Many of Thailand's estimated one million members of hill tribes, who live mainly in the north, have never been fully integrated into society. Reportedly, roughly half of hill tribe members lack citizenship, rendering them ineligible to vote, own land, or be covered under labor laws and making it harder for them to access education and health care. The government in 2000 made it easier for hill tribe members to gain citizenship, but corruption and inefficiency reportedly have slowed citizenship processing. Police and soldiers at times carry out warrantless searches of hill tribe villages for narcotics, a practice permitted in some instances by law, but that often is carried out in a way that some academic groups say violates the villagers' civil rights.

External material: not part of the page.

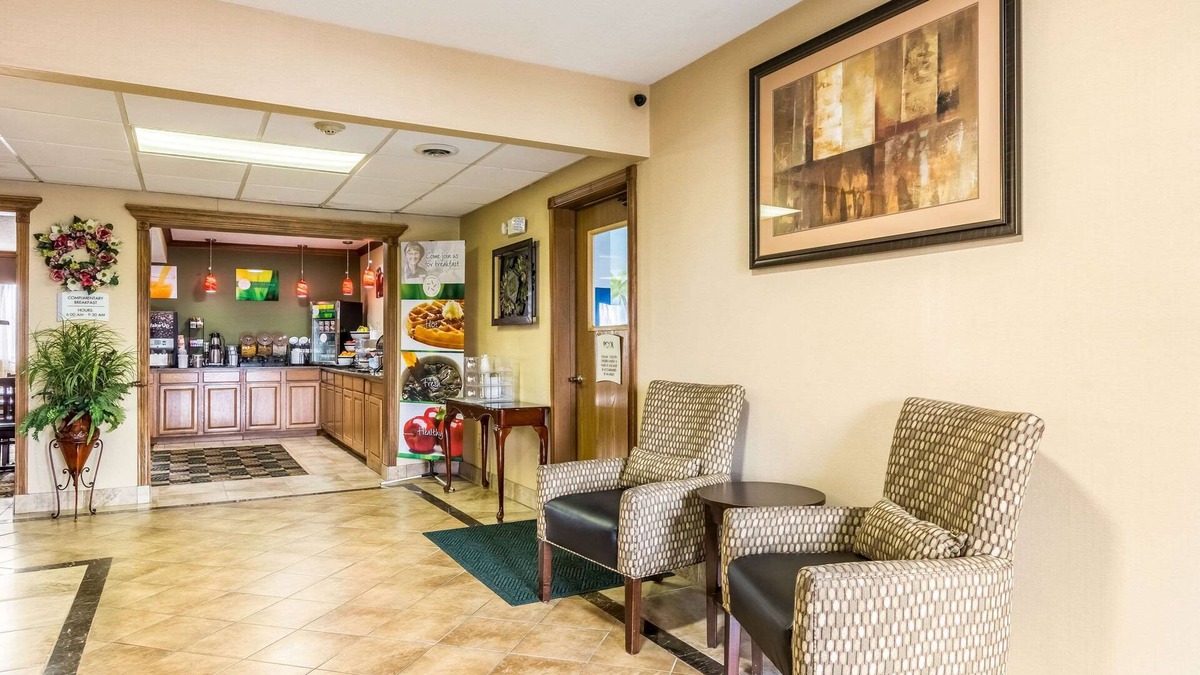 Batesville Hotel | Quality Inn I-74 Batesville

Maintaining its long-standing policy of harboring refugees from neighboring Southeast Asian nations, the government provides, in its border areas, temporary asylum to more than 130,000 Burmese refugees. Authorities, however, at times arrest as illegal aliens Burmese living outside designated camps, generally taking them to the border and releasing them. Separately, foreign workers often face extortion and physical abuse at the hands of smugglers, employers, or local police, the November Amnesty International report said. Some Burmese workers who protested against labor violations recently have been arrested and deported to Burma, the report added.

Women make up more than half of university graduates in Thailand and increasingly are entering the professions, but they continue to face discrimination by private employers in hiring and wages. Anecdotal evidence suggests that domestic violence is a serious problem in Thailand. Police, however, do not vigorously enforce relevant laws, and strict evidentiary rules make prosecuting offenders difficult, according to the U.S. State Department report. The government has taken some positive measures such as deploying teams of female police officers in some station houses to encourage women to report sex crimes.

Some 200,000 or more Thai women and children work as prostitutes, according to government and private estimates, many of them after being trafficked to cities from their villages. Many prostitutes work under debt bondage, forced to repay loans by traffickers to their parents. Authorities prosecute relatively few traffickers, and many police, soldiers, local officials, and immigration officers reportedly either are involved in trafficking or take bribes to ignore it.